To prove a violation of § 1681b, a plaintiff must show that a defendant had no permissible purpose in accessing plaintiff's credit. See Ostrander v. Unifund Corp., No. 07-cv-86, 2008 U.S. Dist. LEXIS 25040, at *6-7 (W.D.N.Y. Mar. 28, 2008) (dismissing plaintiff's FCRA cause of action for failure to state a cause of action, finding at least one permissible purpose for accessing the plaintiff's information); Stonehart, 2001 U.S. Dist. LEXIS 11566, at *12 (stating, "plaintiff must show that credit information was obtained for an impermissible purpose. Conversely, a showing of a permissible purpose is a complete defense."). To be liable for statutory and punitive damages pursuant to 15 U.S.C. § 1681n, the plaintiff must establish that the defendant acted willfully.
A. Violation of Section 1681b
Weitz argues that Wagner obtained his credit report for an impermissible purpose, namely, "to use as evidence against plaintiff in a personal lawsuit." (Compl. ¶ 22.) However, even if this were the sole purpose for which Wagner accessed Weitz's credit report, Weitz has not established that this purpose is "impermissible" pursuant to the statute.
Although the accessing of a credit report for personal use is not a permissible purpose pursuant to the FCRA in certain circumstances (see J. Boyle's Rep. & Rec., Doc. No. 52, adopted by J. Korman at Doc. No. 54), here, the undisputed record clearly shows that Wagner caused Weitz's credit report to be accessed in order to determine the exact amount that she paid off on Weitz's two credit cards, so that she could recover that amount through her proceeding in New York Small Claims Court against the plaintiff. (Tr. at 198; see also Ans. ¶ 22 (the reason for seeking the credit report was "to establish how much money [defendant] advanced to the plaintiff").)
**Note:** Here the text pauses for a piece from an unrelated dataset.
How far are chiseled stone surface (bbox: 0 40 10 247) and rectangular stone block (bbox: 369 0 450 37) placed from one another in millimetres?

Section 1681b of the FCRA sets forth an exclusive list of permissible purposes for which a consumer credit report may be obtained. Pursuant to 15 U.S.C. § 1681b(a), "any consumer reporting agency may furnish a consumer report... (3) To a person which it has reason to believe --(A) intends to use the information in connection with a credit transaction involving the consumer on whom the information is to be furnished and involving the extension of credit to, or review or collection of an account of, the consumer." District courts have interpreted "an account" to include debt collection for accounts other than pure "credit transactions," including collection of unpaid medical charges, child support arrears and rent. See Stonehart, 2001 U.S. Dist. 11566 at *13; Wright v. Bogs Mgmt. Inc., No. 98 C 2788, 2000 U.S. Dist. LEXIS 17837, at *54-55 (N.D. Ill. Nov. 29, 2000); Baker v. Bronx-Westchester Investigations, Inc., 850 F. Supp. 260, 262 (S.D.N.Y. 1994). Additionally, the credit transaction or review or collection of an account must be one involving the consumer on whom the information is to be furnished. Pintos v. Pac. Creditors Ass'n, 565 F.3d 1106, 1112 (9th Cir. 2009).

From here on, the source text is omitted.